Tocca pure temi sacri come la scaramanzia.
«Quando siamo arrivati a Napoli, siamo stati ospiti in un hotel pieno di “cornetti” e ci hanno spiegato che crederci è da stupidi, ma non crederci è sbagliato... E infatti ora ne abbiamo diversi anche a casa. Nel calcio la scaramanzia la fa da padrona, io l’ho imparato piano piano anche grazie a mia suocera, che ne ha viste tantissime nella vita, prima con Diego e ora con Giovanni. C’è anche lei nella serie: per me è l’immagine dell’esperienza di questa dimensione, nessuna più di lei può raccontare come si vive in una famiglia di calciatori».
E Giovanni era d’accordo con il progetto?
«Sì, certo. Mi ha sempre spronata a fare ciò che desideravo e qui a Napoli ho trovato la dimensione e lo spazio giusto per raccontare come ho trovato la mia strada accanto a lui».

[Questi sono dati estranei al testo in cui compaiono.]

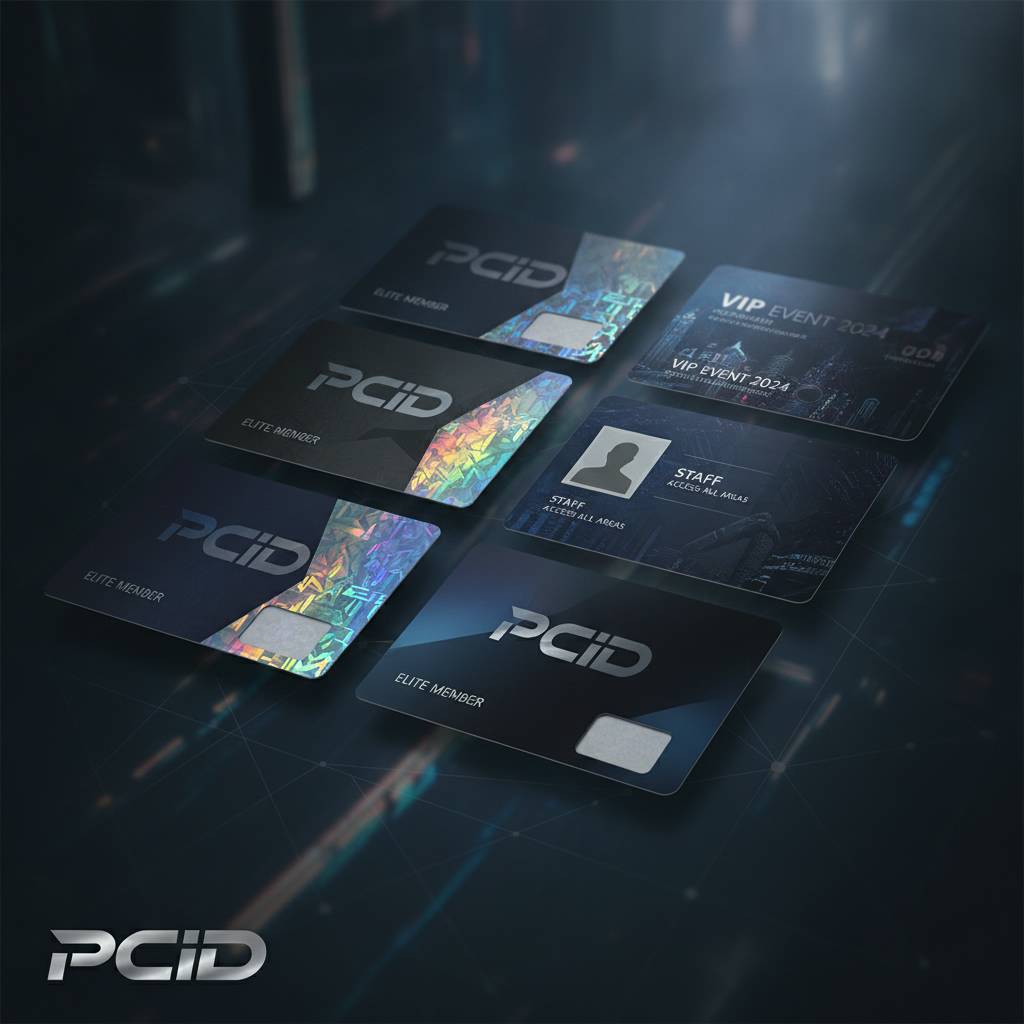 Membership and ID Cards That Command Respect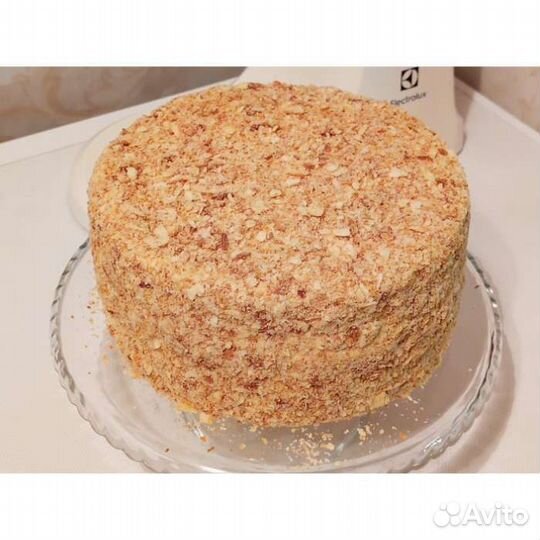Домашние торты медовый, спартак, наполеон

Napoli è un po’ Argentina, non trova?
«Ma che un po’, sembra di starci sul serio. Lo ha detto anche Diego, il papà di Giovanni, quando è venuto a trovarci la prima volta. C’è una somiglianza incredibile tra i colori, i profumi, la passione e il calore delle persone. E anche per questo ho dedicato una puntata ai due mondi uniti, parlando di caffè e mate, due simboli iconici di Napoli e Argentina».